Sebagai solusi, industri hiburan harus memprioritaskan pembuatan karakter baru yang mewakili masyarakat Afrika Amerika tanpa menggantikan karakter tradisional. Ini akan memberikan kesempatan pada masyarakat kulit hitam untuk memiliki narasi mereka sendiri, sesuai dengan tujuan sebenarnya dari gerakan “Black Lives Matter.” Pemilihan pemeran harus mempertimbangkan keakuratan sejarah dan meminimalkan konflik budaya.

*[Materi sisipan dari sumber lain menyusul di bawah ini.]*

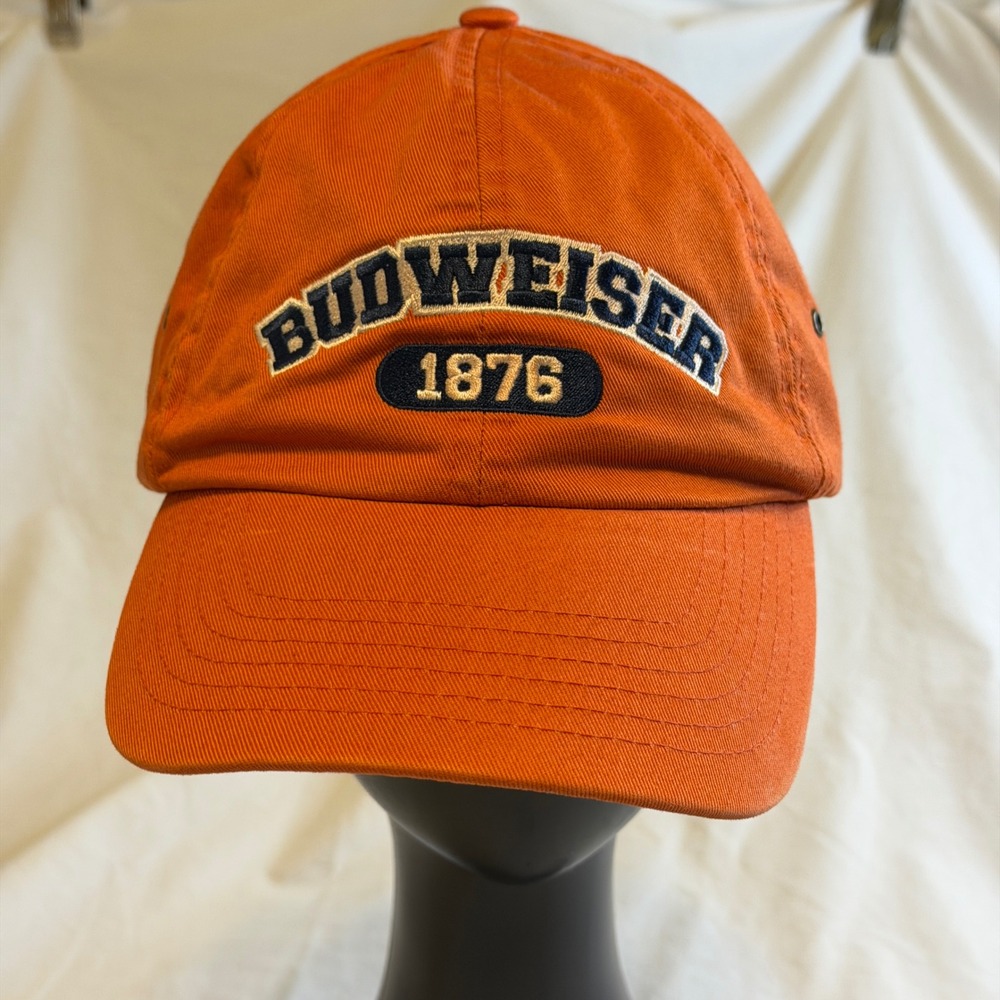 Budweiser 1876 Hat Mens Orange Embroidered Capstone Strapback Baseball Dad Cap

Baca juga : Sinopsis Napoleon: Ambisi Jenderal Vendemiaire Hingga Jadi Kaisar Prancis

Pentingnya mewujudkan perubahan positif dalam industri hiburan dan representasi masyarakat kulit hitam di layar kaca harus menjadi fokus utama. Dengan demikian, langkah-langkah yang diambil harus bersifat jujur, tulus, dan menyeluruh. Pengembangan karakter baru yang mencerminkan keberagaman masyarakat Amerika dapat menjadi tonggak penting untuk memajukan perubahan positif dan menyeimbangkan representasi di dunia hiburan.